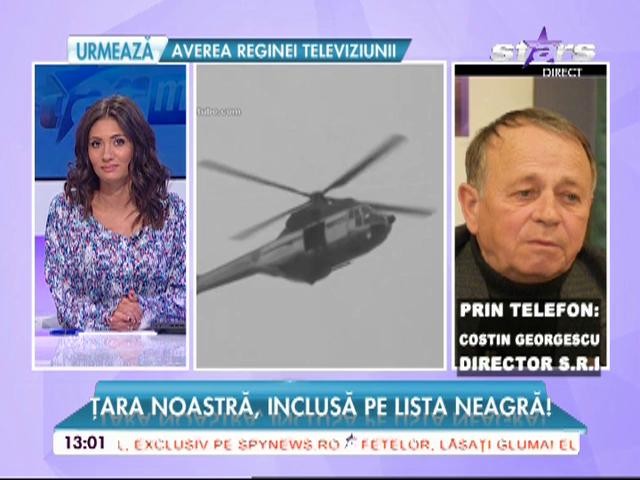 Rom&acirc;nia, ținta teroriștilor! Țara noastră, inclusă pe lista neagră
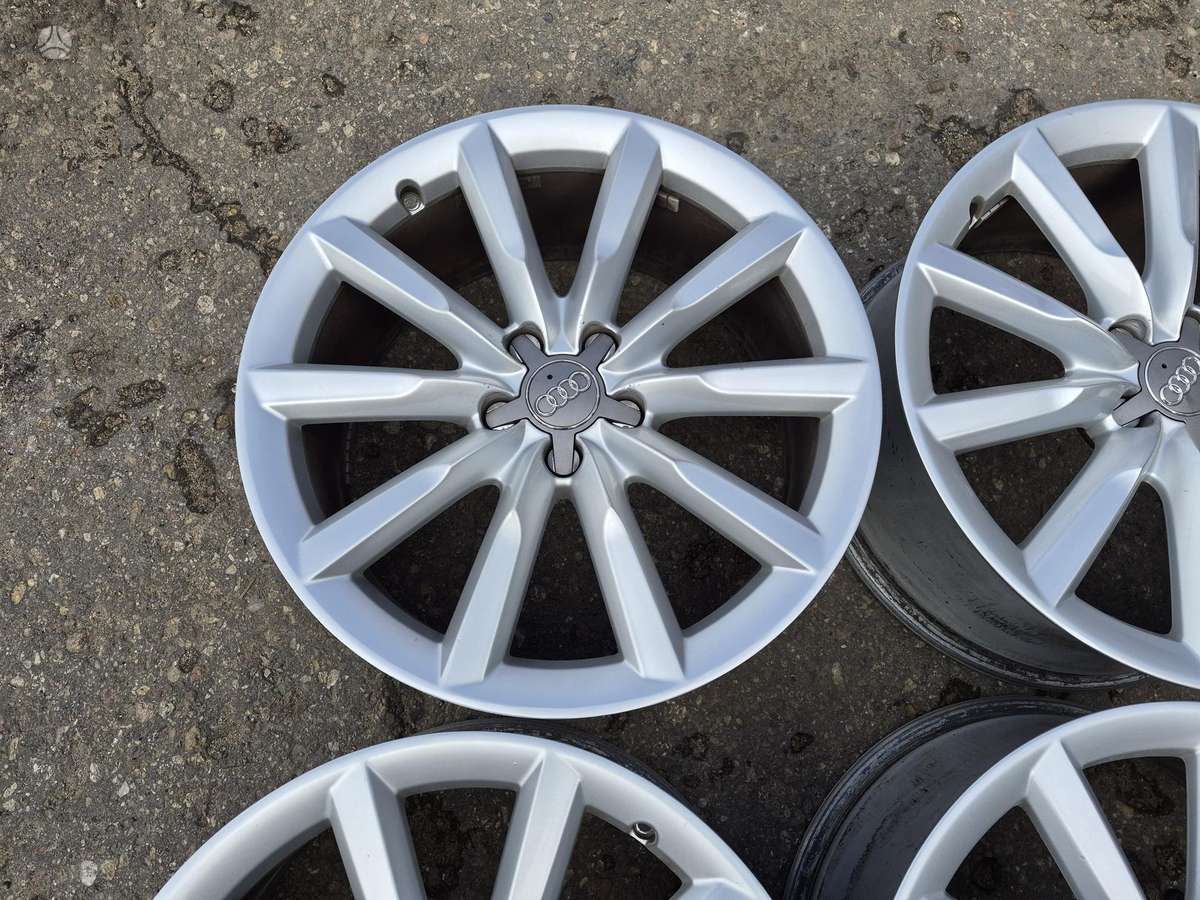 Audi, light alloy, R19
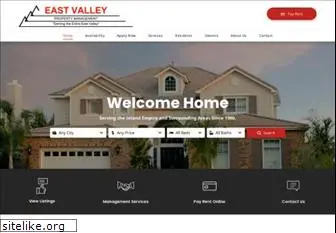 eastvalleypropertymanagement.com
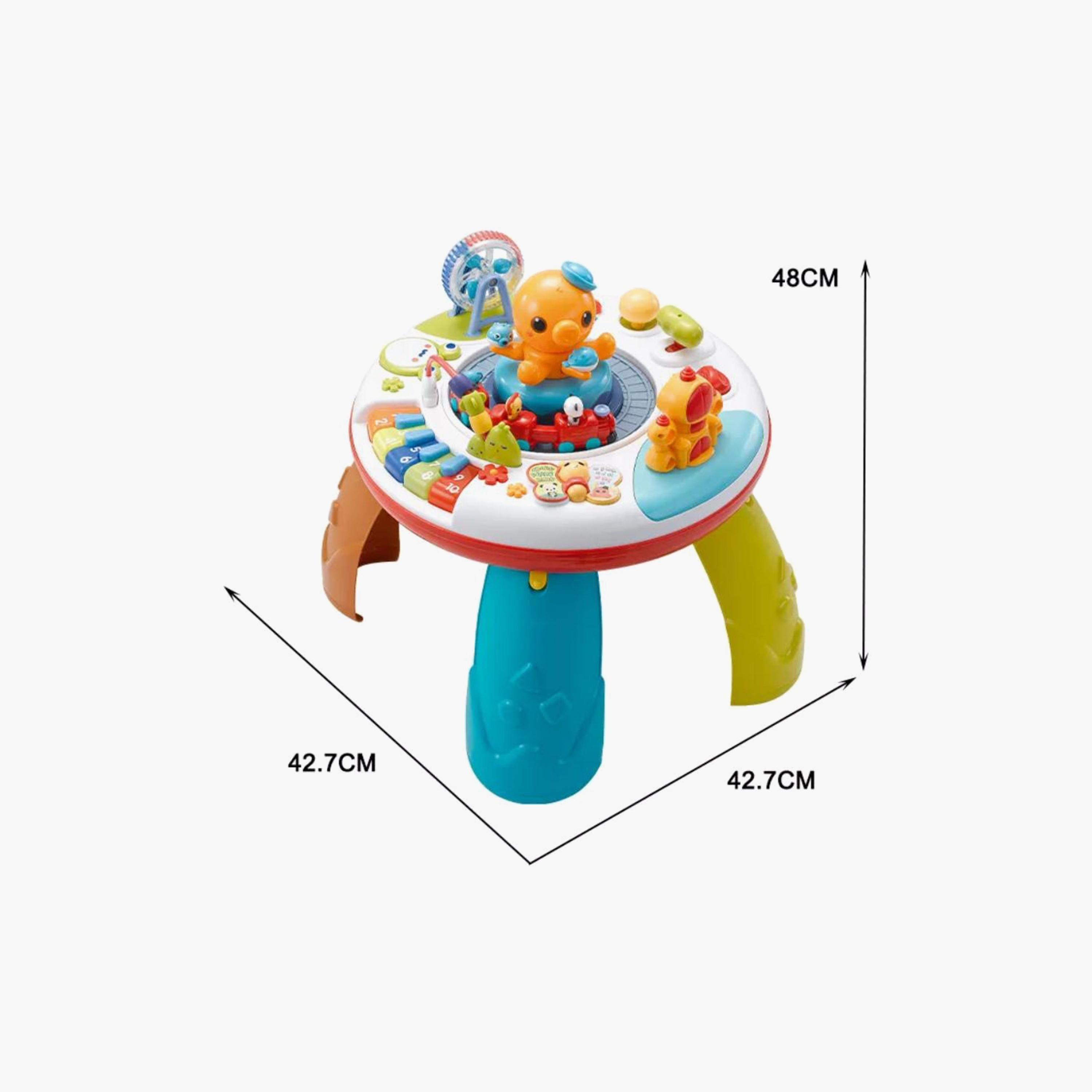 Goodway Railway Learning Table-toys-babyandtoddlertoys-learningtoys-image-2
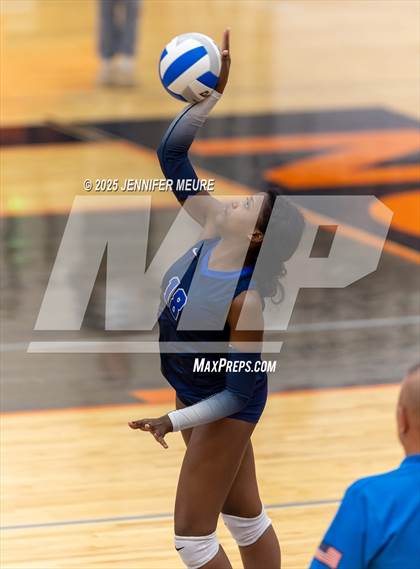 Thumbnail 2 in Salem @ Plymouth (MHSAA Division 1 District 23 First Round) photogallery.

==

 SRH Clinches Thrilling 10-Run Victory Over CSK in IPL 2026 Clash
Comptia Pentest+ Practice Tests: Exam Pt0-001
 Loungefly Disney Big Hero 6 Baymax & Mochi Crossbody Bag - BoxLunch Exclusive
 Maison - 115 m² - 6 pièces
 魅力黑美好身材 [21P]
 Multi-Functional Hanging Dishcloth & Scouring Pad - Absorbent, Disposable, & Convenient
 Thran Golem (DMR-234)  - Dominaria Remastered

Exercise goal: In the data above, find the line that contains "Multi-Functional Hanging Dishcloth" and the line that contains "Thran Golem (DMR-234)". Repeat exactly those lines and every line between them, and only those.

Output:
 Multi-Functional Hanging Dishcloth & Scouring Pad - Absorbent, Disposable, & Convenient
 Thran Golem (DMR-234)  - Dominaria Remastered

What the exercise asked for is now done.